26.09.2008

Ägypten: Gerichte verweigern Kopten religiöse Selbstbestimmung

Unrecht der Sharia-Rechtsprechung tritt erneut zu Tage

Ägypten: Gerichte verweigern Kopten religiöse Selbstbestimmung

Unrecht der Sharia-Rechtsprechung tritt erneut zu Tage

 

Kairo – Alexandria – Frankfurt am Main (26.September 2008) - Zwei Gerichtsurteile erschüttern die Christen in Ägypten. Wie die internationale Gesellschaft für Menschenrechte (IGFM) erfahren hat, wurde die 45-jährige Koptin Bahya Nagui Al-Sisi am 24. September zu drei Jahren Haft verurteilt, weil der Übertritt ihres Vaters zum Islam sie zu einer Muslimin machte, sie in ihren offiziellen Dokumenten jedoch als Christin ausgewiesen wurde. Ihre Schwester Shadia Al-Sisi wurde im Januar im gleichen Anklagepunkt freigesprochen.

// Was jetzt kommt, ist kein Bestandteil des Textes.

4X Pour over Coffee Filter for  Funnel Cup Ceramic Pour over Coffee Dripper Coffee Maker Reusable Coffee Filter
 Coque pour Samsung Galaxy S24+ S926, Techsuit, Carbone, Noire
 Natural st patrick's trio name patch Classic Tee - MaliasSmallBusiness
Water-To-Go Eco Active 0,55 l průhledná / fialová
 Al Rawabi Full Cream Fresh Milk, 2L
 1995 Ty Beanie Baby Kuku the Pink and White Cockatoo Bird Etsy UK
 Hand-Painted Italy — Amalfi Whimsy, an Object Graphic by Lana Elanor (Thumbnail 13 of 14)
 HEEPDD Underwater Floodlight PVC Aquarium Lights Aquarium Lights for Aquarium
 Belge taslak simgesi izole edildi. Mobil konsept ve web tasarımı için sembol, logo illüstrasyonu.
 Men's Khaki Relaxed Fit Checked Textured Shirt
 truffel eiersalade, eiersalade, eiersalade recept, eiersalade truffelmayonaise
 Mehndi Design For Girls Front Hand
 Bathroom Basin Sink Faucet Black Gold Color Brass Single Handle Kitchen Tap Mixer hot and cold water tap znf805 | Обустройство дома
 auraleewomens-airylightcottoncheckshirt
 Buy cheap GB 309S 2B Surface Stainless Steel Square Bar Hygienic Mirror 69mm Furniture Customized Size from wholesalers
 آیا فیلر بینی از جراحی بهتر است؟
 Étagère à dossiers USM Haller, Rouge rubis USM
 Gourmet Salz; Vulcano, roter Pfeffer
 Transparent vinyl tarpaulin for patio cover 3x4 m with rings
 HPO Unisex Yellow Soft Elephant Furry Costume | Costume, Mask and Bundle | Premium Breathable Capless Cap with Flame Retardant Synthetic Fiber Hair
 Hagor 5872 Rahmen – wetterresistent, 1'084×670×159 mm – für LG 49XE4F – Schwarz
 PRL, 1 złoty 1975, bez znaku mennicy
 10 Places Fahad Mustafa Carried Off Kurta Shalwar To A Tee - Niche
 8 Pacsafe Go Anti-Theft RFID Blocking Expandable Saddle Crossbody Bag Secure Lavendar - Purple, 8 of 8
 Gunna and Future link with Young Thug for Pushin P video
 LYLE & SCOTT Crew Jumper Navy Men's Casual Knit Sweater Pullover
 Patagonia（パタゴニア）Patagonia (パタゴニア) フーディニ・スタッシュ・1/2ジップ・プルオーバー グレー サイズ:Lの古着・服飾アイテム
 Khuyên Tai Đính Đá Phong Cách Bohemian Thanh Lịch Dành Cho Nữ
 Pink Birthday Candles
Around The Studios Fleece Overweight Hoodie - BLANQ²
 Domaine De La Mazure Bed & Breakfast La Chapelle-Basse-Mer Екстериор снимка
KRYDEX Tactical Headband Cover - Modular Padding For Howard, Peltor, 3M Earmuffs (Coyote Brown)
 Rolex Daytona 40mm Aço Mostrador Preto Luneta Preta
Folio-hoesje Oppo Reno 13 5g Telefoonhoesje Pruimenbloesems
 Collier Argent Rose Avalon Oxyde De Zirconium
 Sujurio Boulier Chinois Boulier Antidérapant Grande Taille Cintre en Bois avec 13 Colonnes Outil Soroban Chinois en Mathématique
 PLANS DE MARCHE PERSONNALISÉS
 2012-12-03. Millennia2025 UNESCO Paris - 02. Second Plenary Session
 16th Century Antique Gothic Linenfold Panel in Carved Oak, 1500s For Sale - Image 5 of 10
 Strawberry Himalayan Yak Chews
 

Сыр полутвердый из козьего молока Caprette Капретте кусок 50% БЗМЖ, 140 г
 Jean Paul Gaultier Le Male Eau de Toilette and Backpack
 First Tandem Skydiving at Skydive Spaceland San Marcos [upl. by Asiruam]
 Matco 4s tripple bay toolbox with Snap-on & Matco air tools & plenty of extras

Den beiden Schwestern hatte man vorgeworfen, ihre Urkunden und ihren Personalausweis gefälscht und bei der Heirat mit einem Christen eine falsche Religion angegeben zu haben. Nach islamischem Gesetz ist es einer muslimischen Frau nicht erlaubt, einen Christen zu heiraten. Der koptische Vater von Nagui und Shadia war in den 1960er Jahren heimlich zum Islam übergetreten. Als er zum Christentum zurückkehrte, ließ er falsche Urkunden anfertigen, die die christliche Zugehörigkeit der Kinder bestätigten. Die beiden Schwestern waren zu diesem Zeitpunkt 3 und 2 Jahre alt.

Tochter verurteilt wegen „Untat“ des Vaters

Zuerst wurde Klage gegen Shadia erhoben, diese jedoch vom Staatsanwalt im Januar 2008 wieder fallen gelassen. Shadia konnte nach dreimonatiger Haft zu ihrer Familie zurückkehren. Im Fall Bahya Naguis ignorierte der Richter die Entscheidung des Staatsanwalts. Die von ihrem Anwalt Petere Nagar vorgelegten Dokumente bewiesen, dass der Vater die Urkunden gefälscht hatte. Die Beweise wurden jedoch beim Urteil nicht berücksichtigt. Die Aussage der Angeklagten, dass sie nichts von dem Religionswechsel ihres Vaters wusste, und dass sie selbst weder schreiben noch lesen könne, wurde ebenfalls vom Gericht ignoriert.

Zum Zusammenleben mit dem muslimischen Vater gezwungen

Auch im Fall der 14-jährigen Zwillinge Mario und Andrew Medhat Ramsis, über die die IGFM bereits berichtete, ist gerichtlich gegen das Recht auf religiöse Selbstbestimmung entschieden worden. Die Brüder wurden gegen ihren Willen und auf Anweisung des von ihnen getrennt lebenden Vaters, Medhat Ramsis, zu Muslimen erklärt. Das Gericht in Alexandria entschied nun, dass der Vater das Sorgerecht der Söhne bekommen soll.

Die Entscheidung wurde gegen den Willen und Protest der Jugendlichen gefällt, die immer wieder bekundeten, dass sie Christen seien und bei ihrer koptisch-orthodoxen Mutter bleiben wollten. Der Vater sprach vor Gericht seine Sorge aus, seine Kinder könnten, wenn sie bei ihrer Mutter blieben, Wein trinken und Schweinefleisch essen. Das Gericht verurteilte zudem die Mutter zu einer Geldstrafe von 10.000 ägyptischen Pfund (rund 1260 Euro) wegen angeblicher öffentlicher Beleidigung ihres Mannes.